• Task directions: For the listing below, the answer is an exact retyping of the lines from the one with "Professional Musician with" through the one with "A dining table", both included, without pictures.

• Material for this exercise:
◆ ◆ ◆

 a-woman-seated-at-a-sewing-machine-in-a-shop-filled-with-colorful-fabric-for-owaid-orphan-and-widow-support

◆ ◆ ◆

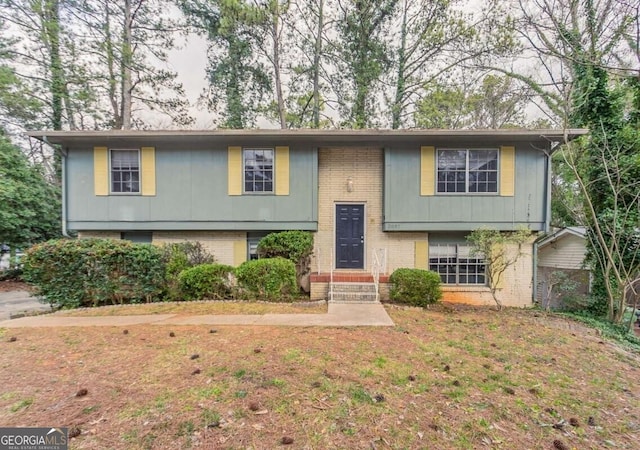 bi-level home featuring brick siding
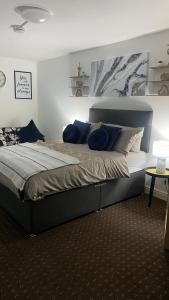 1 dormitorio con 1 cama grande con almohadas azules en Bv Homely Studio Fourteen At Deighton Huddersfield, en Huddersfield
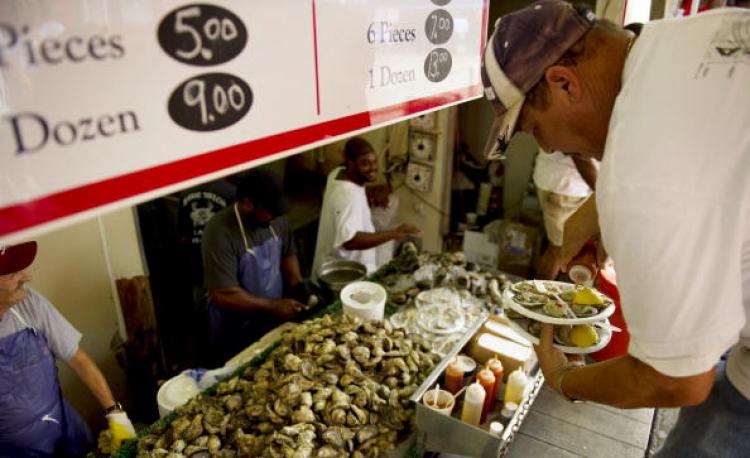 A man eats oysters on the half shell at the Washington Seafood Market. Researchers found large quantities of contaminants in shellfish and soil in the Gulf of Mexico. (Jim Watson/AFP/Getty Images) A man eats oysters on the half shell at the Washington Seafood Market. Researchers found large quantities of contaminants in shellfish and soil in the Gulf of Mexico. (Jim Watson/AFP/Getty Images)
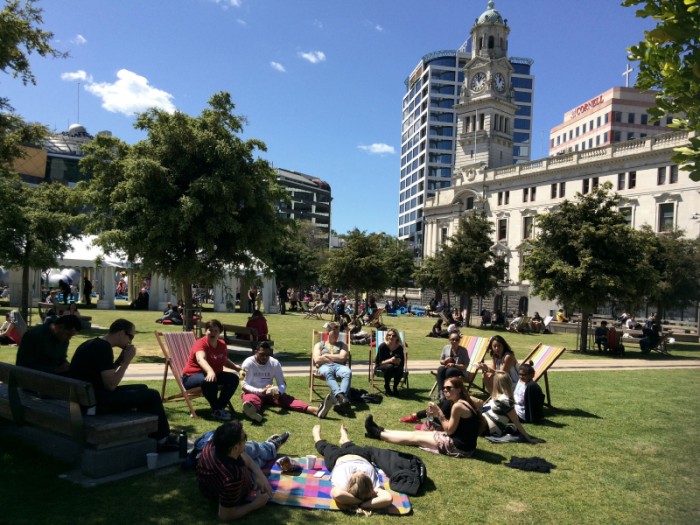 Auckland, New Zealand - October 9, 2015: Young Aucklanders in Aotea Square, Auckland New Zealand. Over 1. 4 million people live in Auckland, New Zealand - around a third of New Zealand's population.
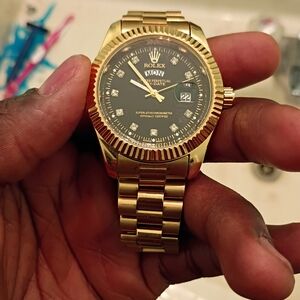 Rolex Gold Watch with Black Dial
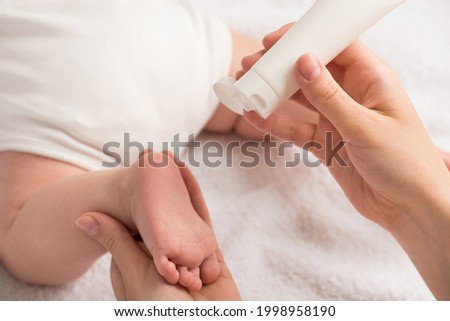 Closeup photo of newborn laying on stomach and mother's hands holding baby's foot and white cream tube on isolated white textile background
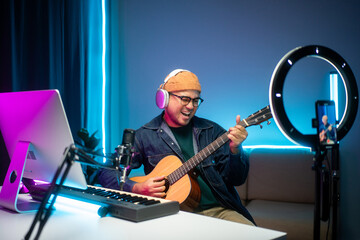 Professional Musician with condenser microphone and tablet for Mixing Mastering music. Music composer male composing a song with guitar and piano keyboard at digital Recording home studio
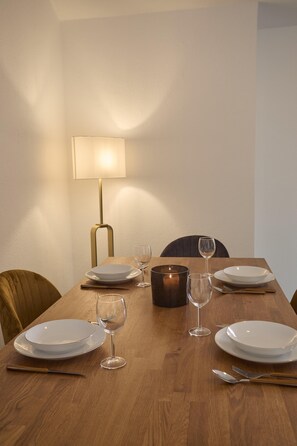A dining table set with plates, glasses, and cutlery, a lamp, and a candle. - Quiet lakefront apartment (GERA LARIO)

◆ ◆ ◆

• Response for this exercise:
 Professional Musician with condenser microphone and tablet for Mixing Mastering music. Music composer male composing a song with guitar and piano keyboard at digital Recording home studio
A dining table set with plates, glasses, and cutlery, a lamp, and a candle. - Quiet lakefront apartment (GERA LARIO)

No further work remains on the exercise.